[Minor edits: correcting open/closed quotes for clarity. No changes to the wording.]
I remember falling victim to the ley hunting bug as a teenager and again in my 20s. I was excited to "discover" that Southwell Minster (near to where I live) is "on a ley line".
However...
The original idea of the ley line was no more than "the old straight track". Alfred Watkins' initial concept was a network of rectilinear transport routes across the countryside, joining landmarks.
Watkins came up with the name "ley", allegedly because he noticed an association with place names ending in "ley". As that is a common ending, meaning "lea" ("meadow") he may as well have called them "ton lines" or "ham lines" or "thorpe lines".
It was soon realised that the straight tracks that Watkins had postulated would not be practical routes because they sometimes did things like crossing marshes and wide rivers and going up steep cliffs. Real walking routes tend meander as they follow ridges, valleys and contours and use shallow crossings of rivers.
Rather than dropping the idea as obviously silly, people scratched around looking for an alternative "explanation" for this completely illusory phenomenon. They postulated some ancient lost wisdom, and some ill-defined primordial force. Later this became associated in some people's minds with disparate ideas such as acupuncture: menhirs as acupuncture needles to cure the Earth, blah blah.
Aside: I remember going to Arbor Low in Derbyshire and seeing two things at the same time: the farmer's daughter on a quad bike riding around the inside of the ancient earth bank as if it were a wall of death, and a couple of harmless eccentrics dangling pendulums (pendula?) over the stones. I swear I heard one of them shout to his companion words to the effect, "I've found a nexus of primeval force."
Back onto my own straight track: I read a number of books on leys at the time (the word "line" had largely been dropped by then) and there were various pseudo statistical ways of calculating the lines. A church was worth 3 points, a standing stone worth 4, a cross roads 2, and so on. (I made up these numerical values for the sake of illustration.) A quick review of the list showed that things like "a straight section of road" or "a distinctive hill top" were also on the list.
Given enough random and unrelated items like that, it will always be possible to find alignments that add up to some arbitrary threshold number. However, a little thought shows that these are not completely random and unrelated items. It is common for a road to head in a straight line towards a major church. Cross roads are always on roads, some of which have straight sections. A standing stone or church may be on a distinctive hilltop. A church may be built on an earlier religious site. And so on.
On the other hand, items that appear at first glance to be related, such as "earthworks" may be separated in age by 3,000 years and be from different cultures and belief systems. Of four "ancient earthworks", one may be defensive, one funerary, one agricultural, and one ritual.
Any two points will always be in a straight line relative to each other. The chance that a third random point is within a degree either side of that line is 1/180. That's not rare. if I had a 1/180chance of being knocked off my motorbike every ride, I would not ride it.
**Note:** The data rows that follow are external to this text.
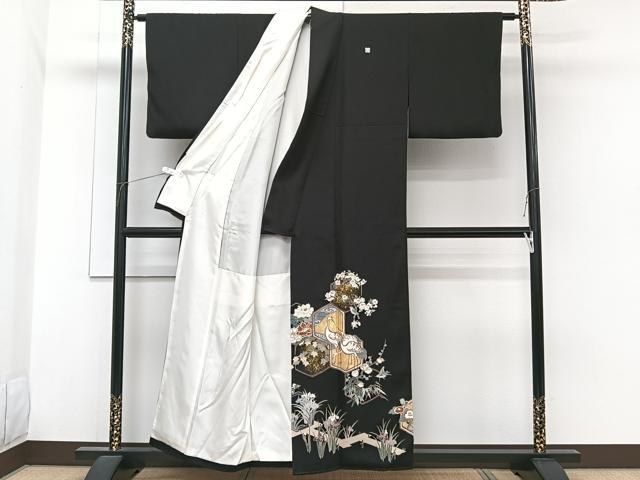 平和屋着物■豪華黒留袖 作家物 亀甲花鳥文 金彩 正絹 逸品 CABH5334xi
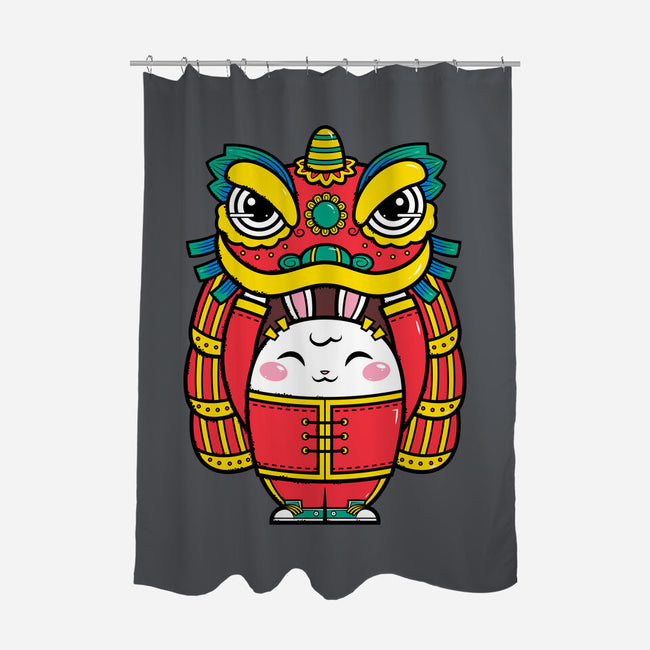 Lion Dance Bunny-none polyester shower curtain-krisren28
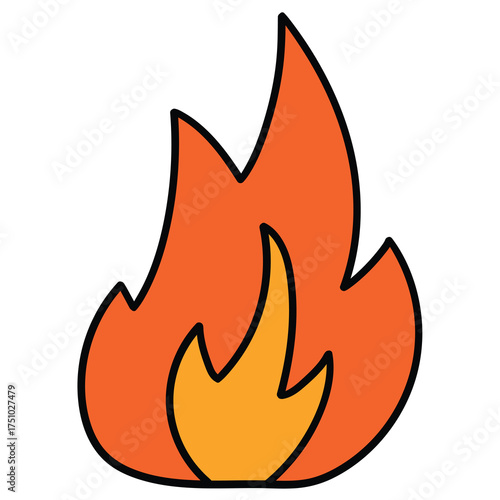 Hand-drawn cartoon flame on a white background.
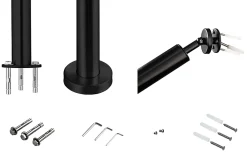 AICA Sanitaire Main courante 1.2 m noir inox 201 fixation sol et mur escaliers intérieur extérieur by Aica- Accessoire D'Escalier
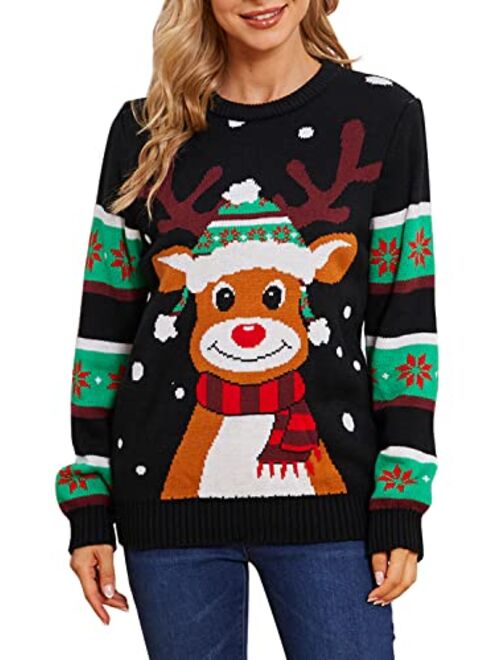 VENTELAN Women's Christmas Sweater Funny Christmas Tree Ugly Pullover Snowflake Long Sleeve Sweater Shirt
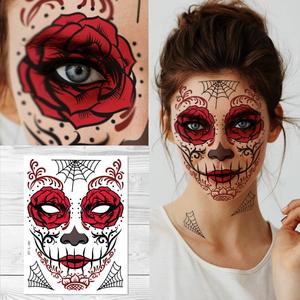 Supperb Halloween Face Tattoo Day of the Dead Sugar Skull Red Rose Temporary Face Tattoo Kit Cheap Sale Outlet Store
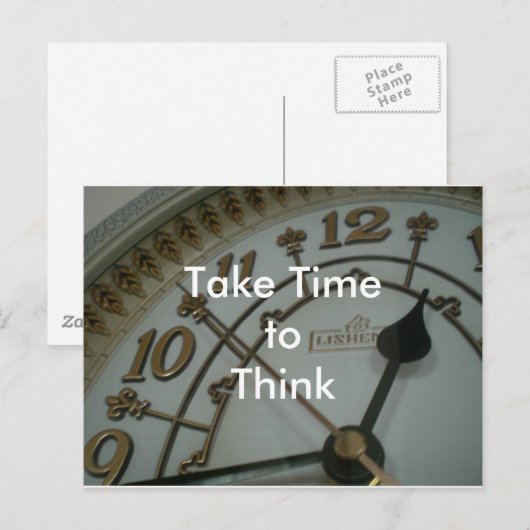 Carte Postale Prenez le temps de réfléchir (Devant / Derrière)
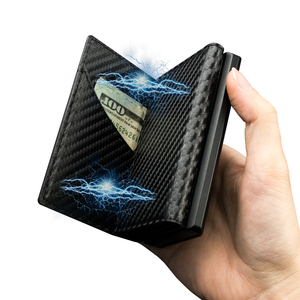 กระเป๋าใส่บัตรแม่เหล็กดีไซน์ใหม่ Casekey วัสดุหนัง PU คาร์บอน  จุบัตรได้เยอะ ป้องกัน RFID - Product Image 4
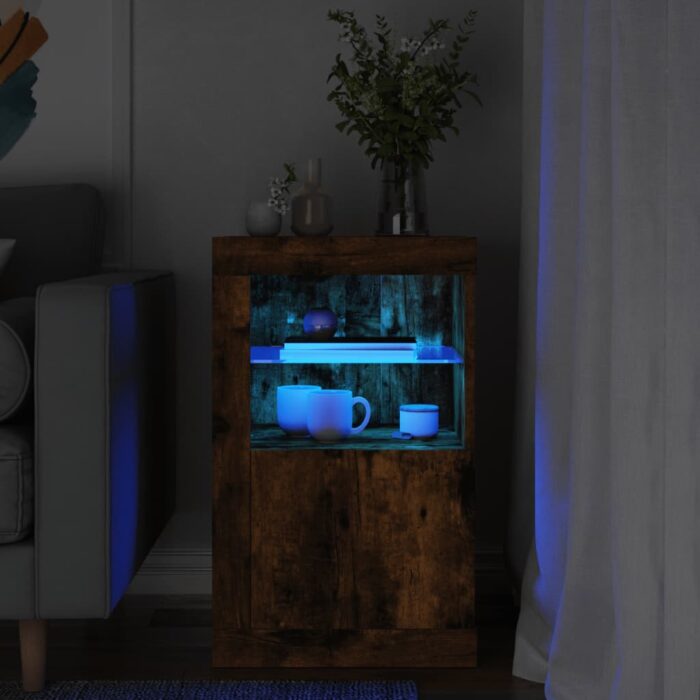 Armoire latérale avec lumières LED chêne fumé bois d'ingénierie – Image 1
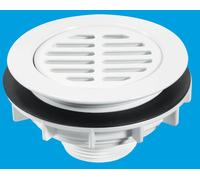 McAlpine SWHF1-WH High Flow Shower Waste: 113mm White Plastic Flange x 56mm Tail: Top Access: Backnut Model McAlpine White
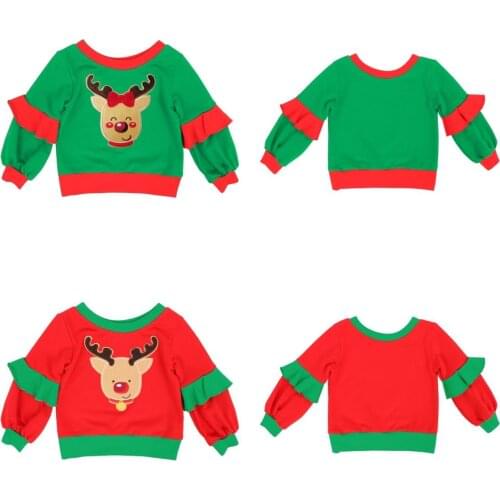 Kaiya Angel 2019 New Arrival Kids Christmas Clothes Baby Spring Autumn Winter Reindeer Applique Shirt Ruffle Long Sleeve Tops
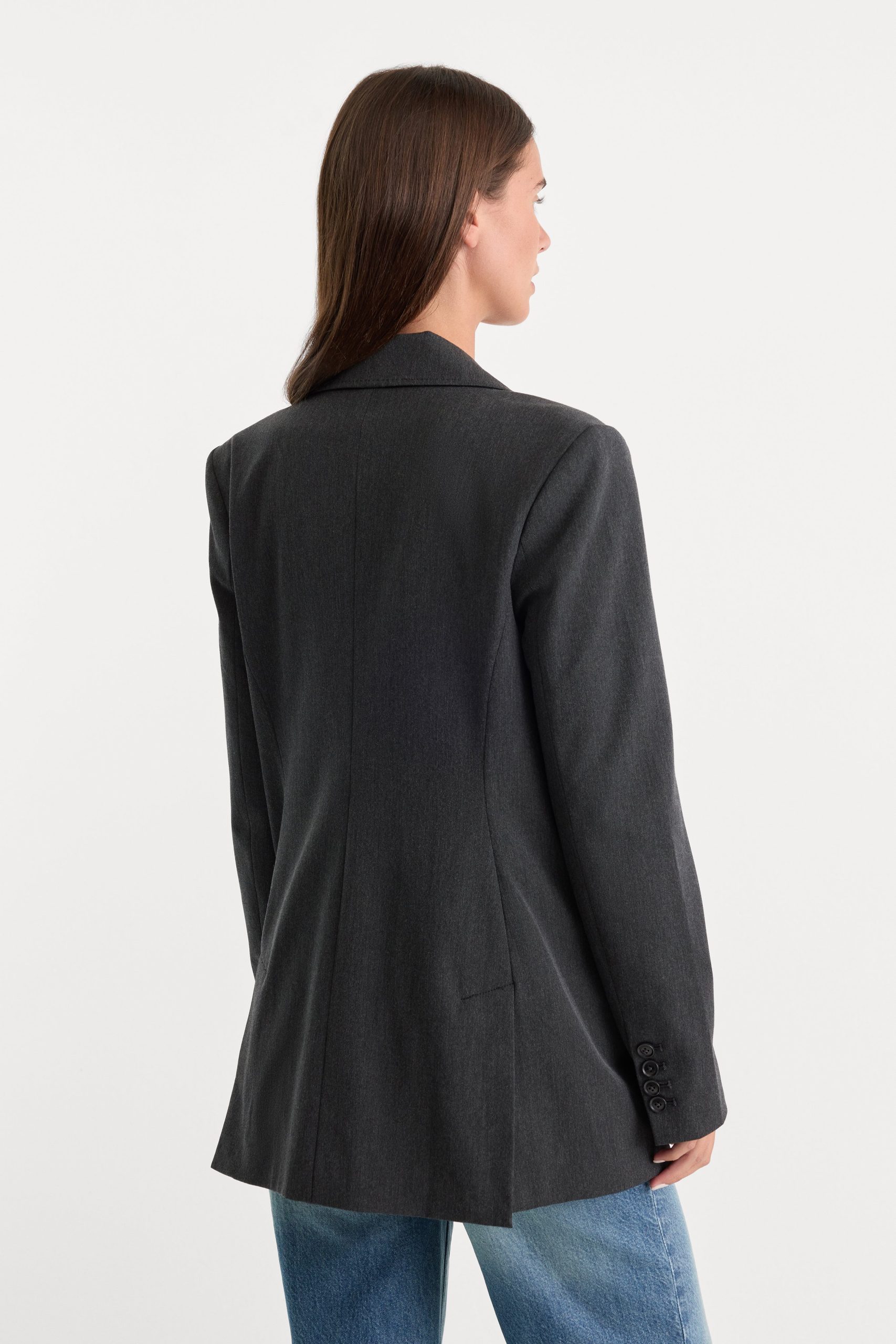 ESSENTIAL SUITING OVERSIZED DOUBLE BREASTED BLAZER | DARK HEATHER GRAY - Image 5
The chance of a fourth point being within 1 degree of the same line is also 1/180, so the chance of points 3 and 4 both being within a degree of the line between points 1 and 2 is 1/(180*180) which is 1/32,400 which is a small chance.
However, if you allow yourself the freedom to look for any and all possible alignments, then the more random points you have, the more alignments you will find, because every pair of points is a new line that a third or fourth point may also be on. It's like the thing with birthdays: the chance of a single random stranger having the same birthday as you is around 1/365, but if you have 50 people in the room, it is extremely likely that two of them will have the same birthday as each other.
The clever thing is, don't count all the things that are not aligned. "I looked at 20 sites and found 6 alignments of 3," is more impressive than, "Out of 190 pairs of points, I found 6 cases where a third point was in line."
Of course, this does not preclude the possibility that some ancient sites were deliberately aligned with each other. Items of a similar age, or built in obvious succession for related purposes may well be aligned. That is a natural human urge to be orderly. Whether or not the "wise ancients" believed in any force flowing along those lines, there is no evidence that such a force exists.
Ley lines: fun, interesting, but a barmy idea.